** ASSIGNED TASK **
When writing out the entries below, keep only the lines from the line with "Standard Cabin |" to the line with "2741 NE 4th", both included, exactly as they are, and leave the pictures aside.

PROVIDED DATA: Begin

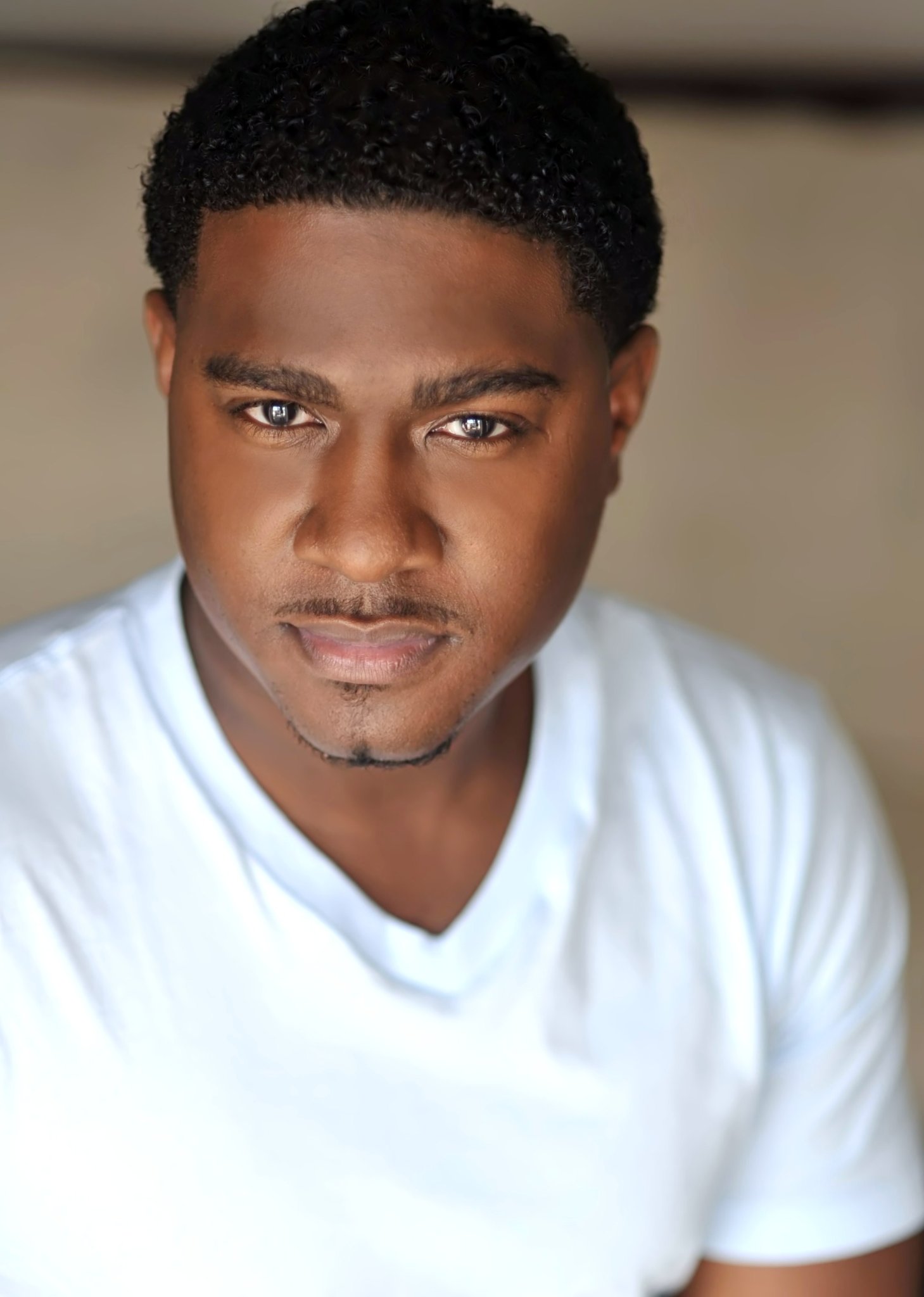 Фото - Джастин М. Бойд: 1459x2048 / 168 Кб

PROVIDED DATA: End
PROVIDED DATA: Begin

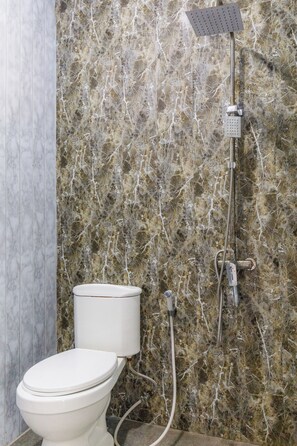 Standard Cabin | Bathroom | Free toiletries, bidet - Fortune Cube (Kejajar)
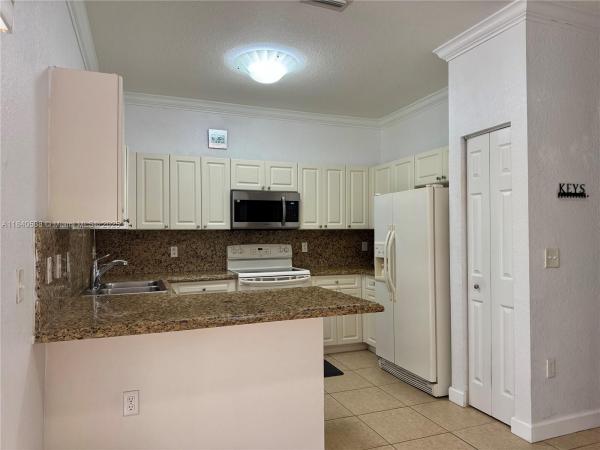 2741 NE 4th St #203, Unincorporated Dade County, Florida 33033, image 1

PROVIDED DATA: End

** ANSWER SECTION **
 Standard Cabin | Bathroom | Free toiletries, bidet - Fortune Cube (Kejajar)
 2741 NE 4th St #203, Unincorporated Dade County, Florida 33033, image 1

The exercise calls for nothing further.